(Excerpts from a dataset)
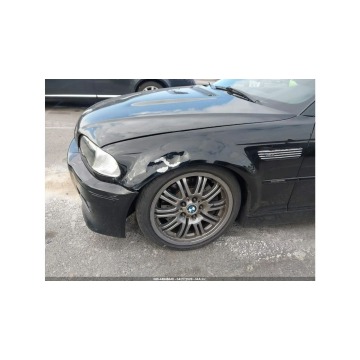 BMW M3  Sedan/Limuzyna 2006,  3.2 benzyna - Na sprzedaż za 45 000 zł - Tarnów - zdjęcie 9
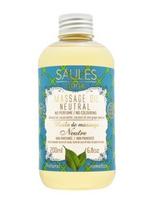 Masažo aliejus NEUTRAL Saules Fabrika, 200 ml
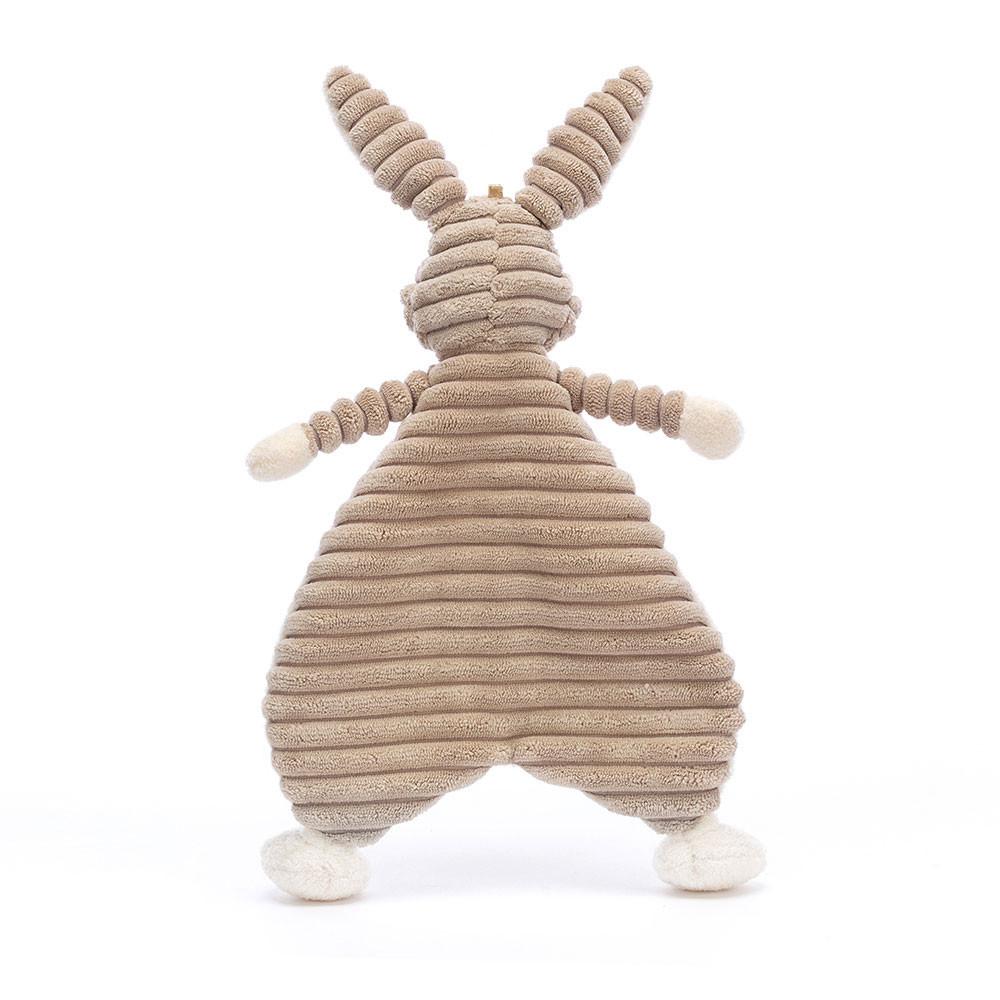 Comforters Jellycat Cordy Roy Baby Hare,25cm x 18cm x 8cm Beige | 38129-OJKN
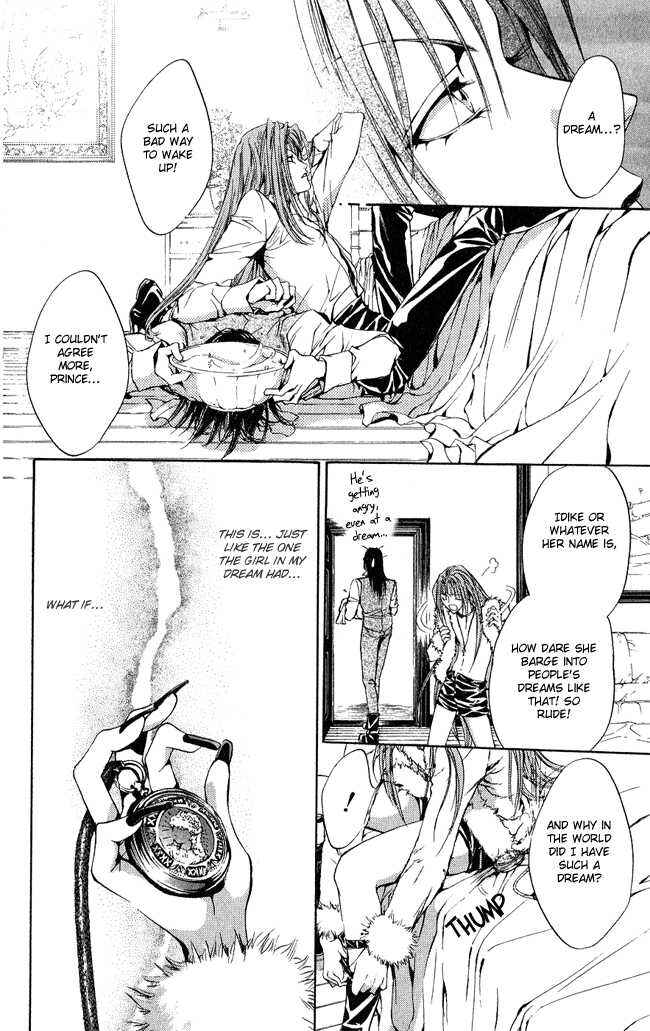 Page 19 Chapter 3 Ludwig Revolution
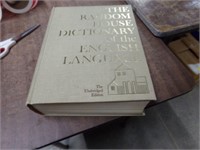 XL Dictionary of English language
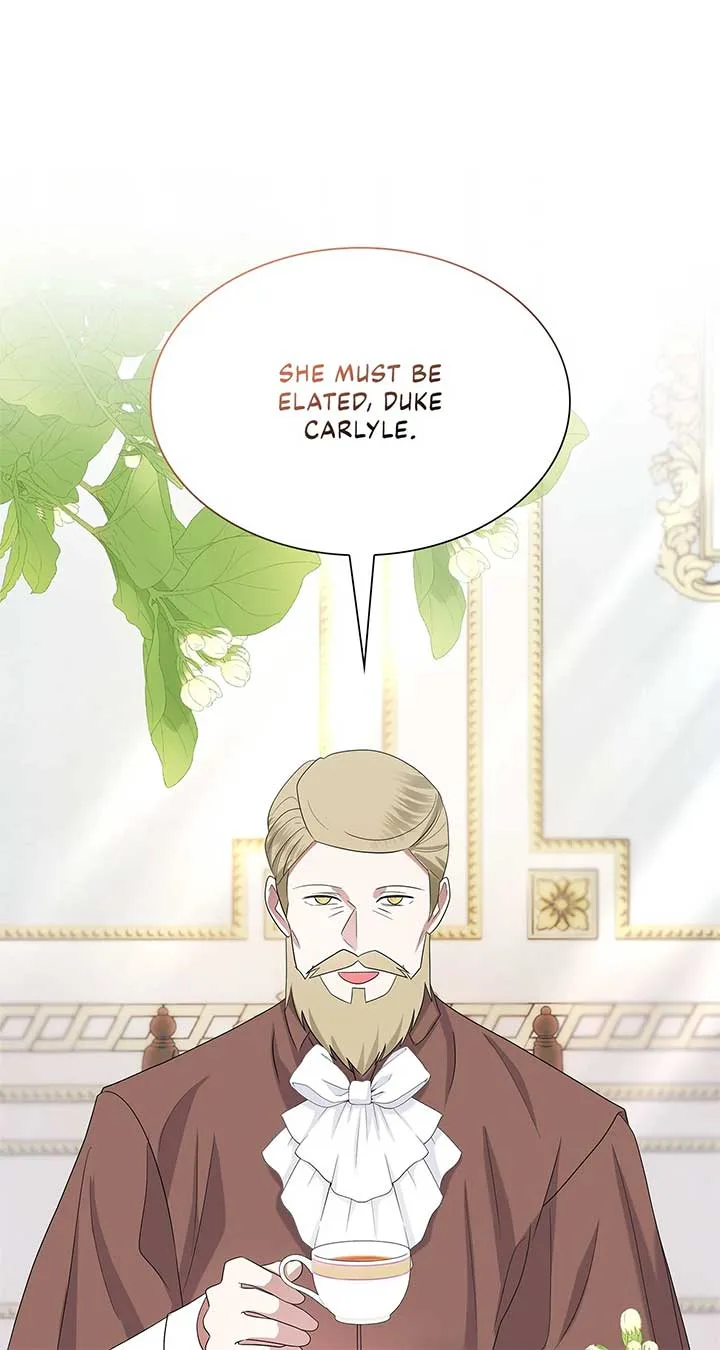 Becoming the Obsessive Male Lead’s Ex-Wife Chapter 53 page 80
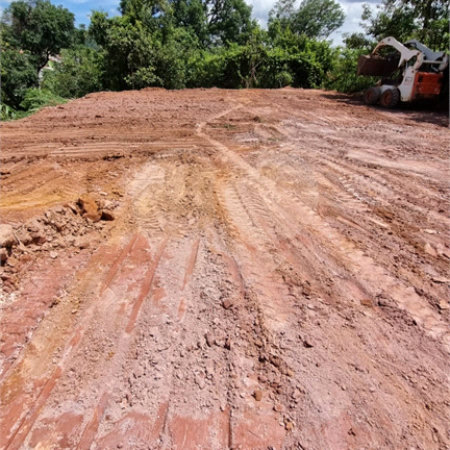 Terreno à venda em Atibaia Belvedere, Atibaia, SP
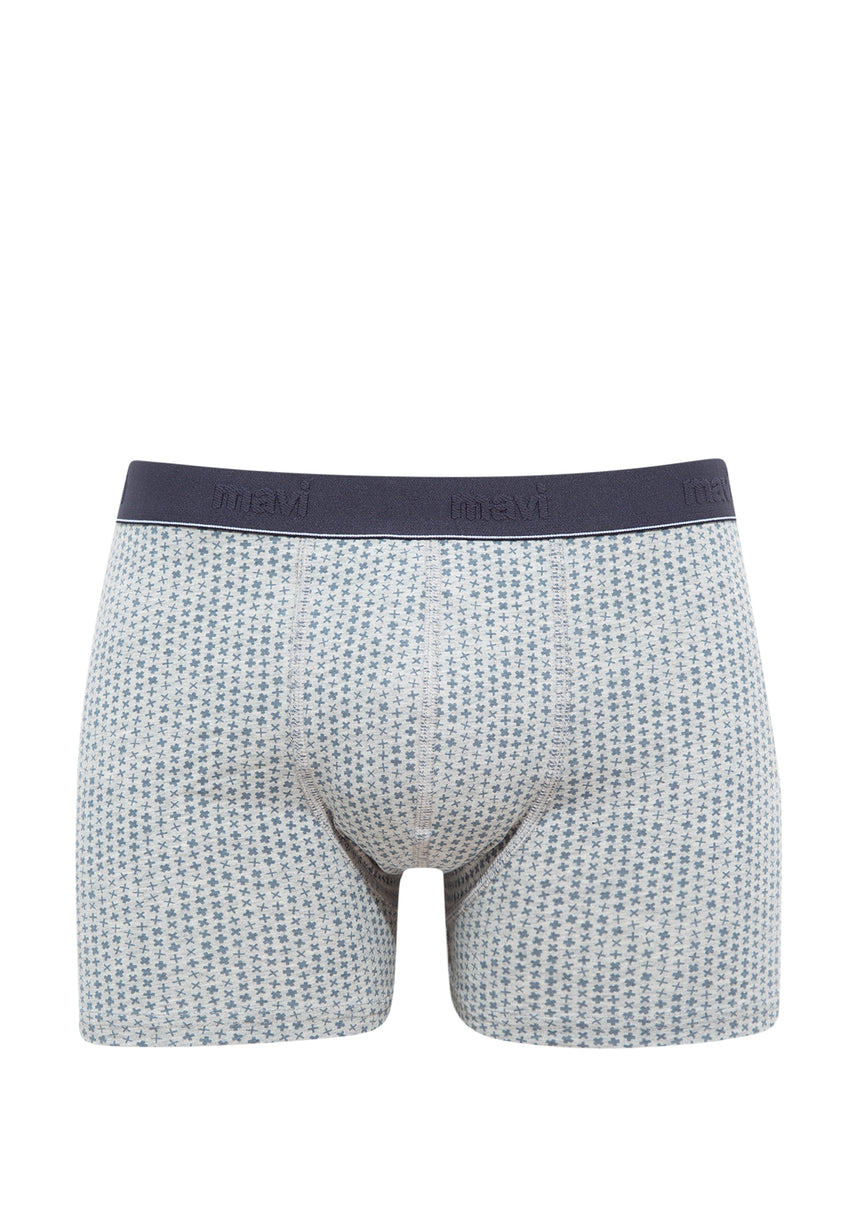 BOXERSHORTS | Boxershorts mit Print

## WORK INSTRUCTIONS
All entries above should be returned exactly, apart from their pictures.

## SOLUTION FOR THIS PROBLEM
 BMW M3  Sedan/Limuzyna 2006,  3.2 benzyna - Na sprzedaż za 45 000 zł - Tarnów - zdjęcie 9
 Masažo aliejus NEUTRAL Saules Fabrika, 200 ml
 Comforters Jellycat Cordy Roy Baby Hare,25cm x 18cm x 8cm Beige | 38129-OJKN
 Page 19 Chapter 3 Ludwig Revolution
 XL Dictionary of English language
 Becoming the Obsessive Male Lead’s Ex-Wife Chapter 53 page 80
 Terreno à venda em Atibaia Belvedere, Atibaia, SP
 BOXERSHORTS | Boxershorts mit Print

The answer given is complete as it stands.